Problem to work on: Through the line with "Body-Solid GDR24 12-Pair" and starting from the first line, return the records below word for word, with pictures left out.

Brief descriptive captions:
+--

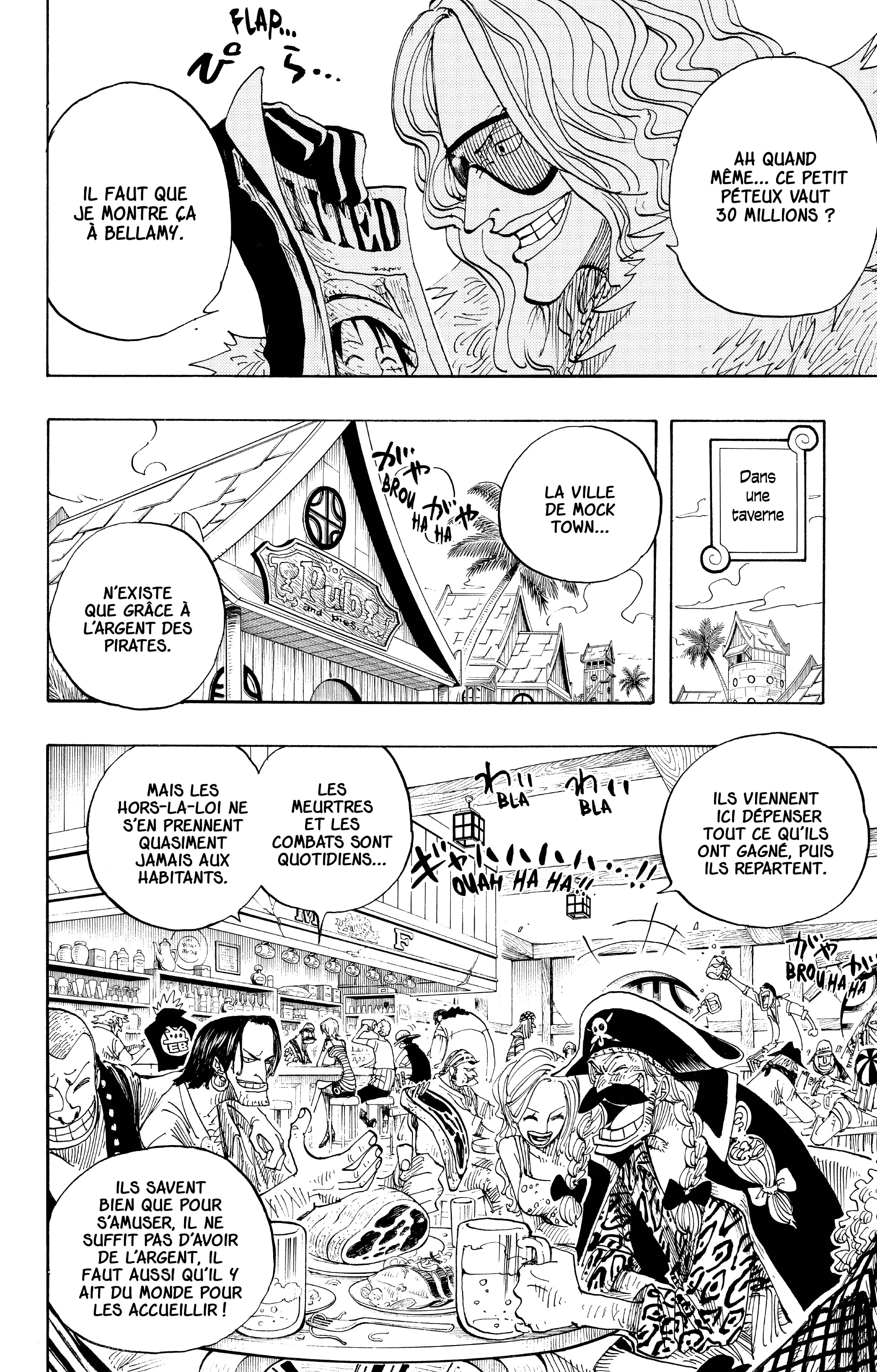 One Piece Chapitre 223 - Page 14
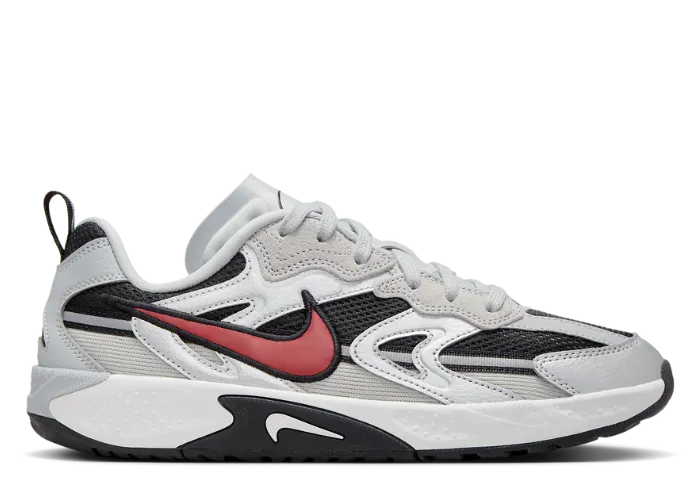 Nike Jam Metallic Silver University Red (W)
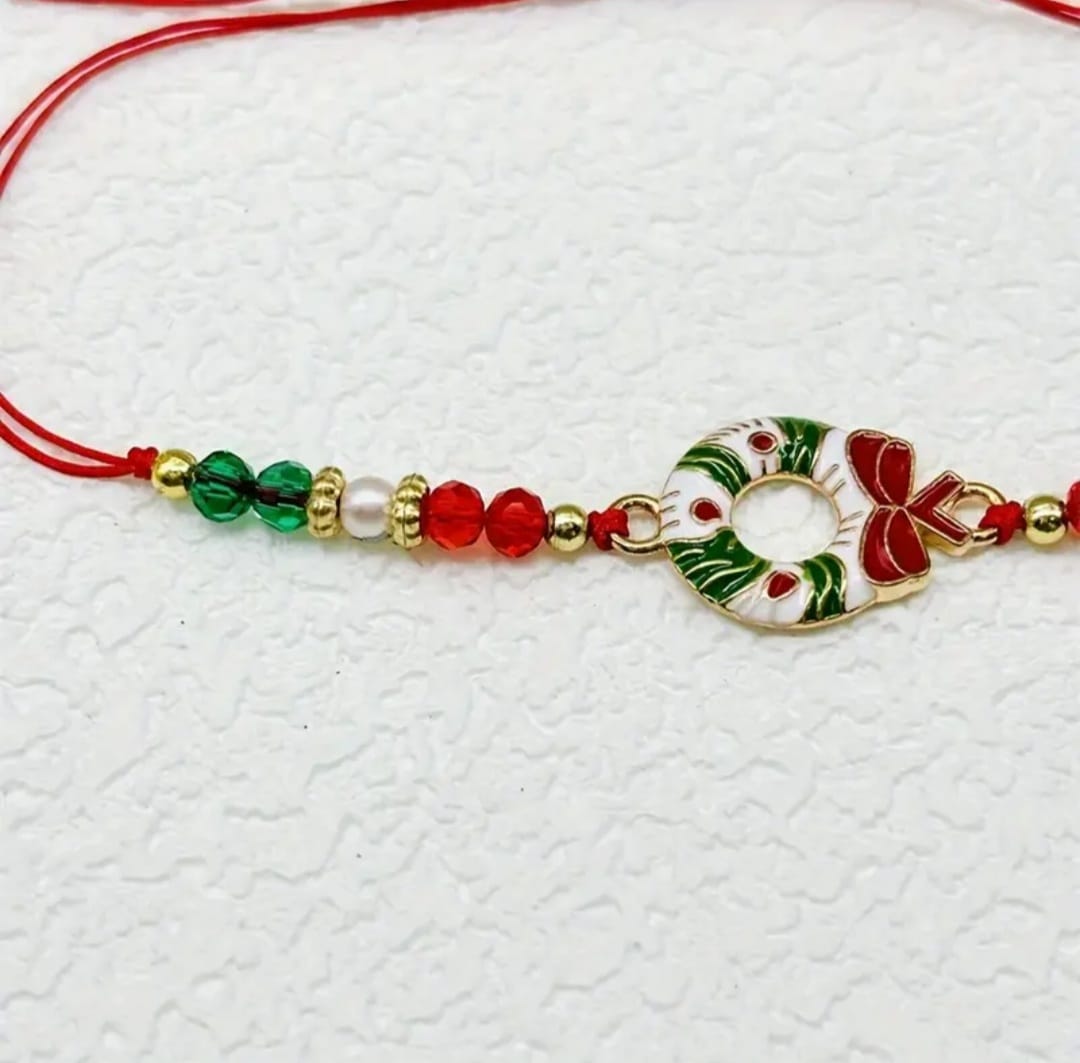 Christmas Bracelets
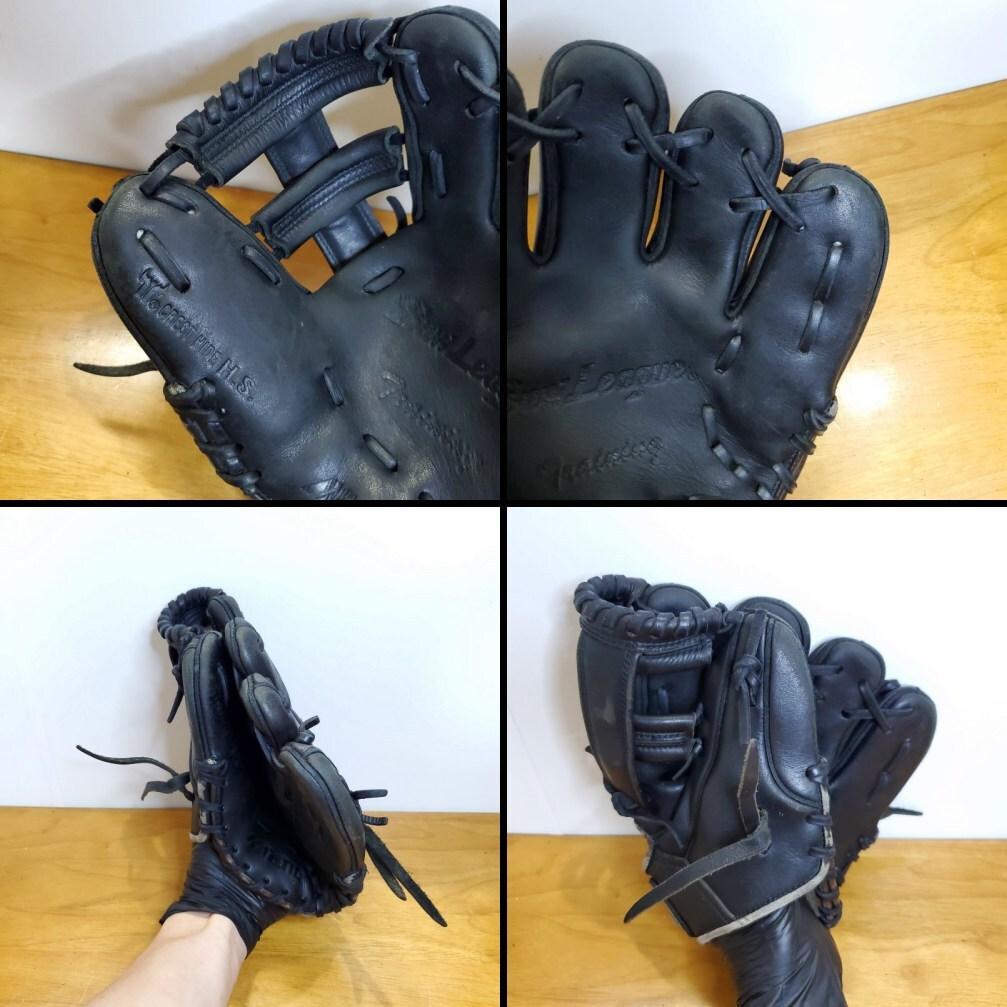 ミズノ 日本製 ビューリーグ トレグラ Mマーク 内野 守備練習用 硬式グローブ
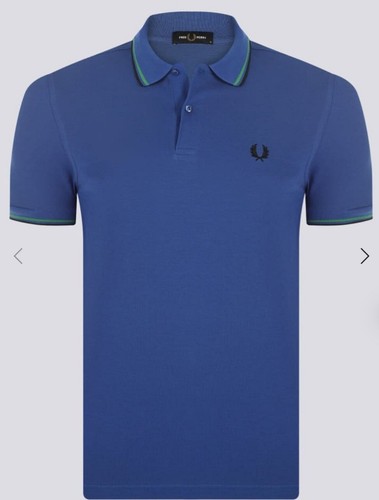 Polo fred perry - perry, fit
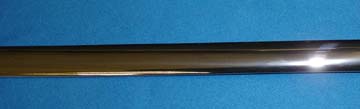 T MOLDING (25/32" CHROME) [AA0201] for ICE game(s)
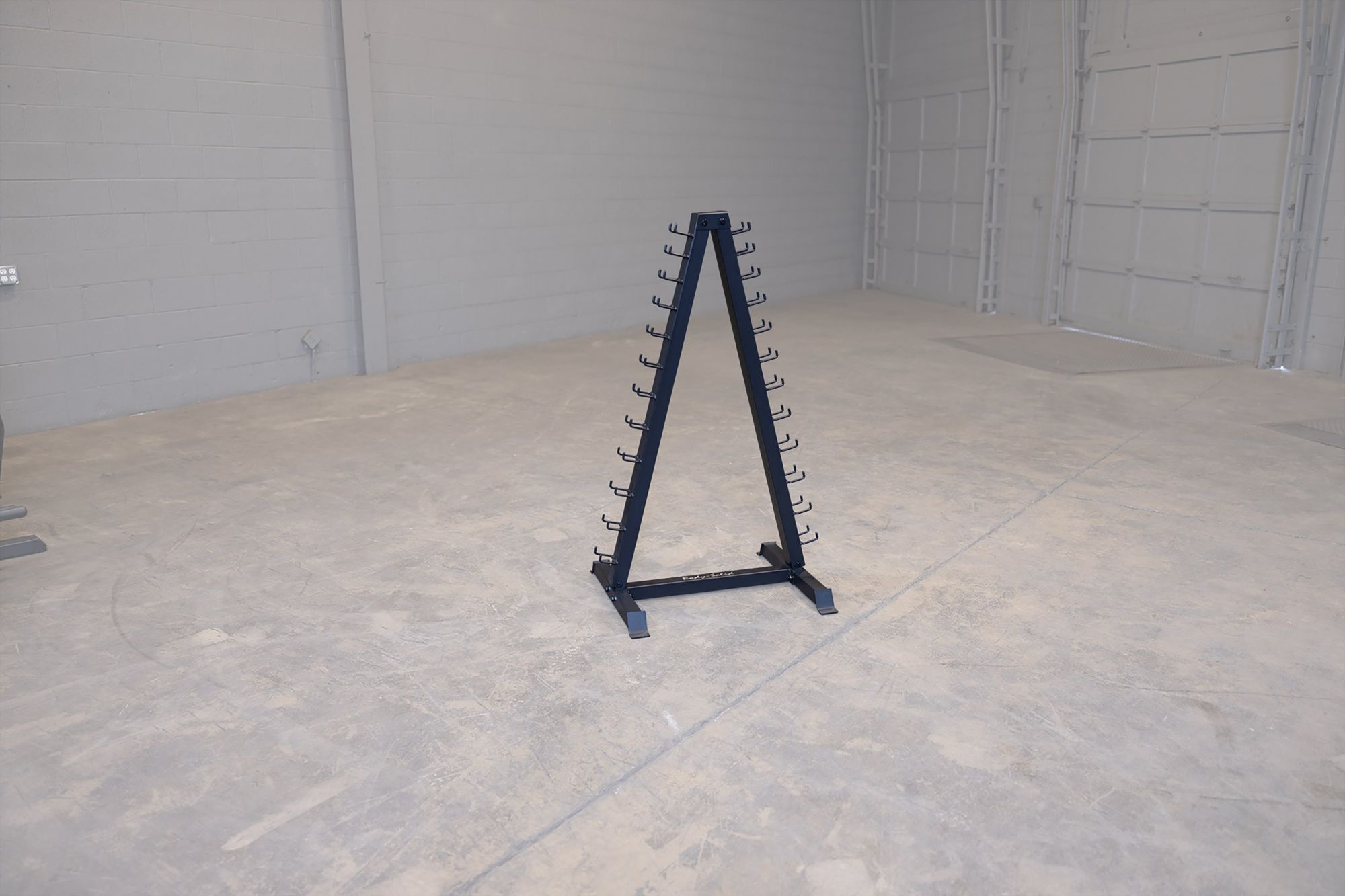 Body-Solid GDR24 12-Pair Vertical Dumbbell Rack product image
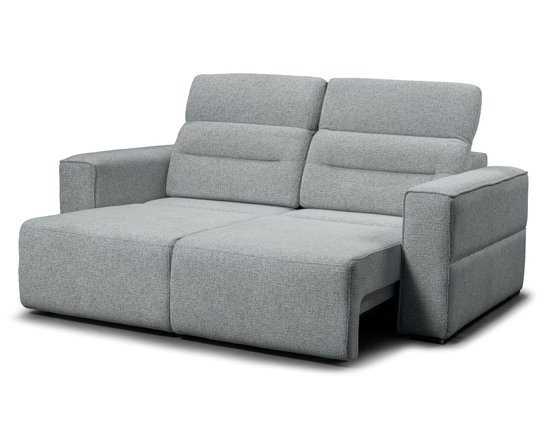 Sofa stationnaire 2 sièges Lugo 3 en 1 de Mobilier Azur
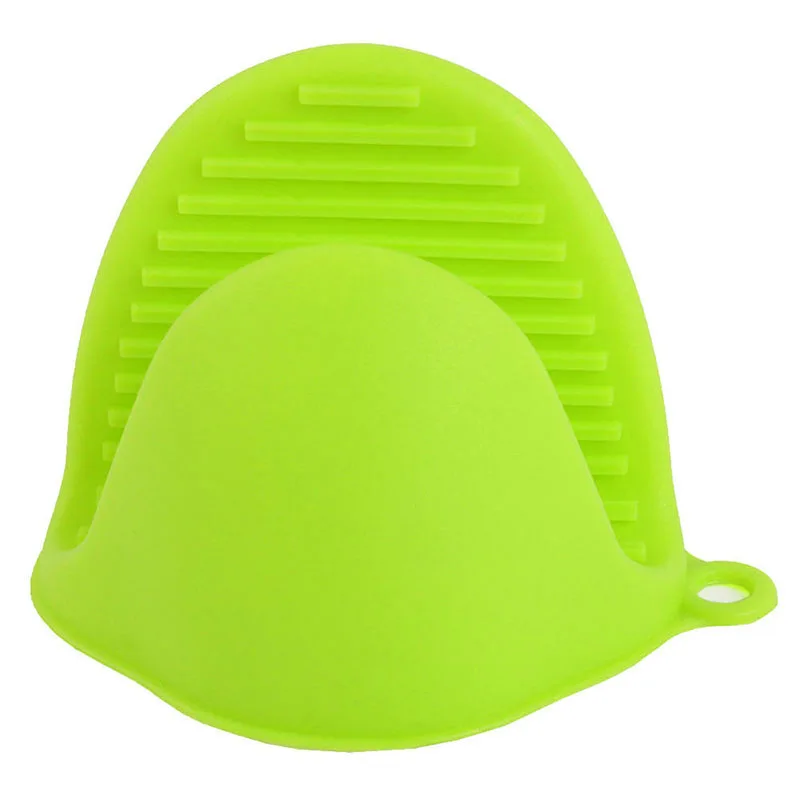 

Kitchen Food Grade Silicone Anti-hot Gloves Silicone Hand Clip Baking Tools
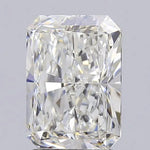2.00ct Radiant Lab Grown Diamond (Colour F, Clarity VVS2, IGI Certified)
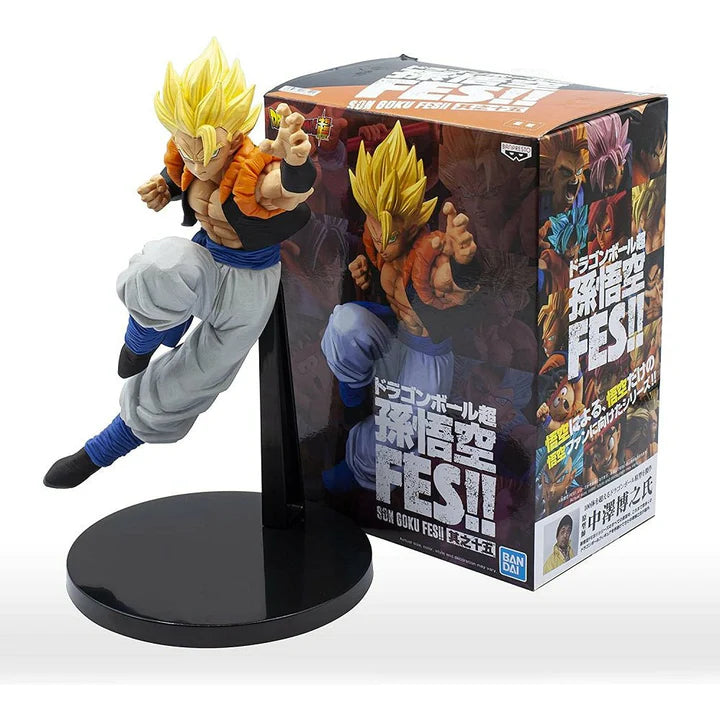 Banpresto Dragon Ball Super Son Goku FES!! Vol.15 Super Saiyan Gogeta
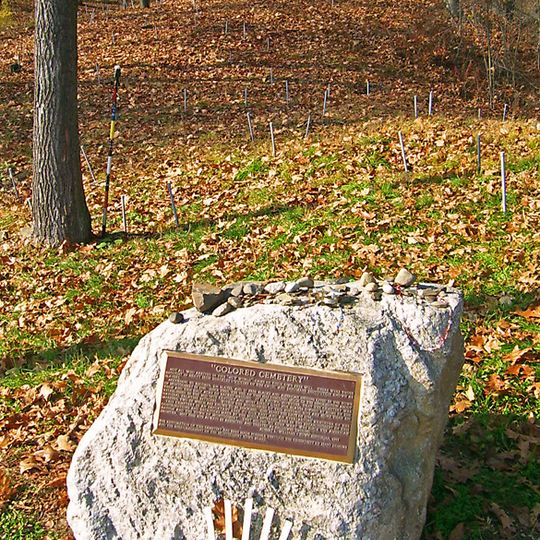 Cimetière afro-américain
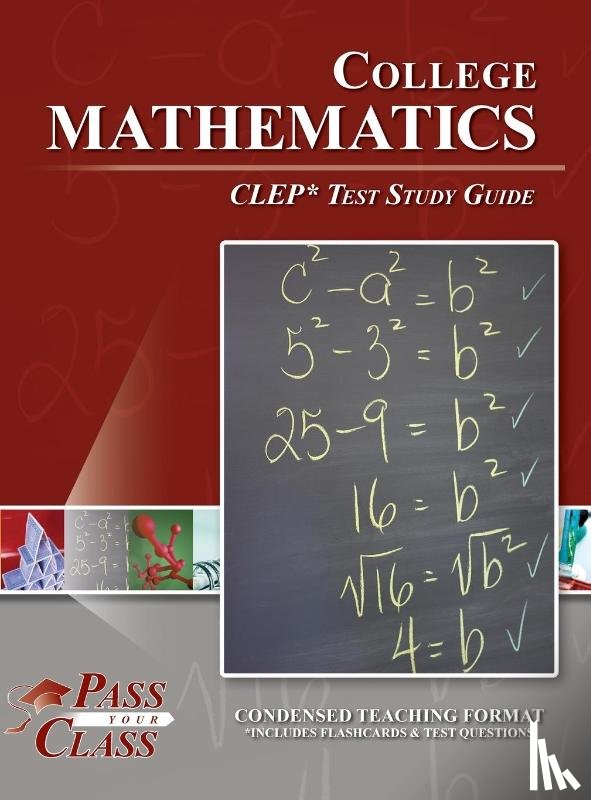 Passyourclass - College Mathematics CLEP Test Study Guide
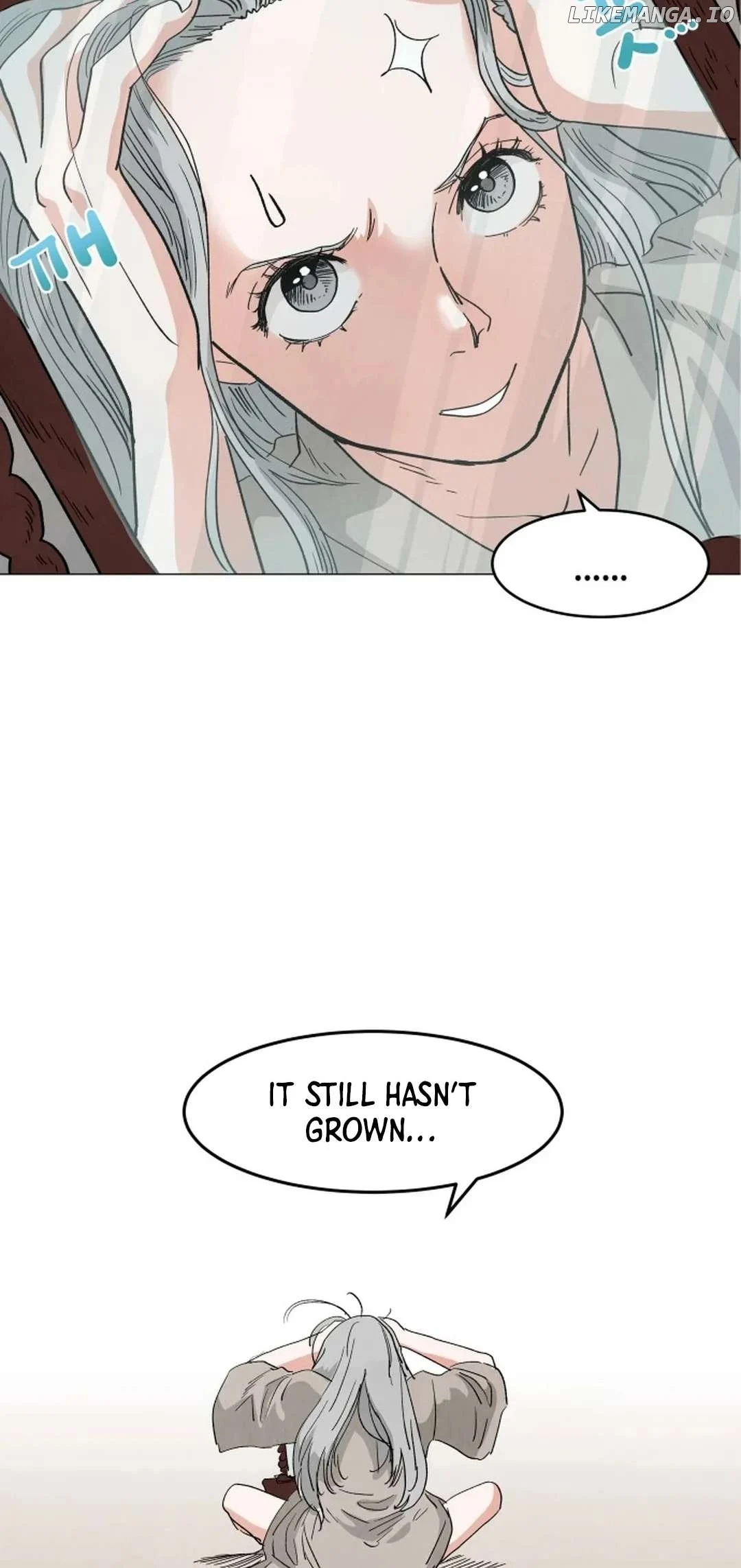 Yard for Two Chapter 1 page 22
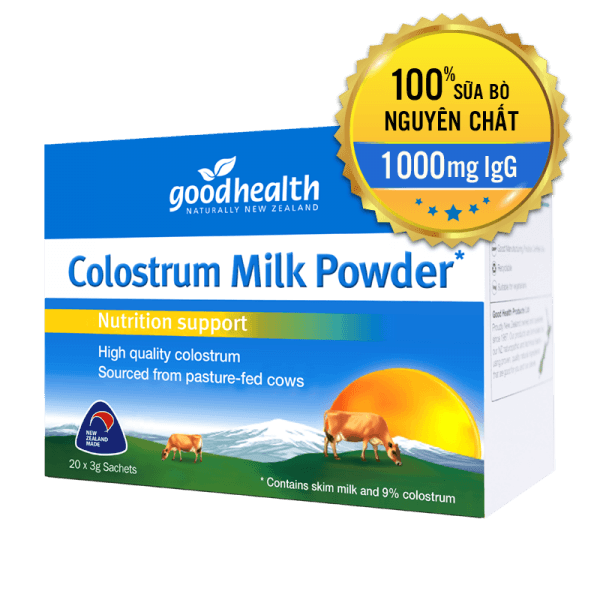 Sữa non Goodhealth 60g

+--

Exercise result:
 One Piece Chapitre 223 - Page 14
 Nike Jam Metallic Silver University Red (W)
 Christmas Bracelets
 ミズノ 日本製 ビューリーグ トレグラ Mマーク 内野 守備練習用 硬式グローブ
 Polo fred perry - perry, fit
 T MOLDING (25/32" CHROME) [AA0201] for ICE game(s)
 Body-Solid GDR24 12-Pair Vertical Dumbbell Rack product image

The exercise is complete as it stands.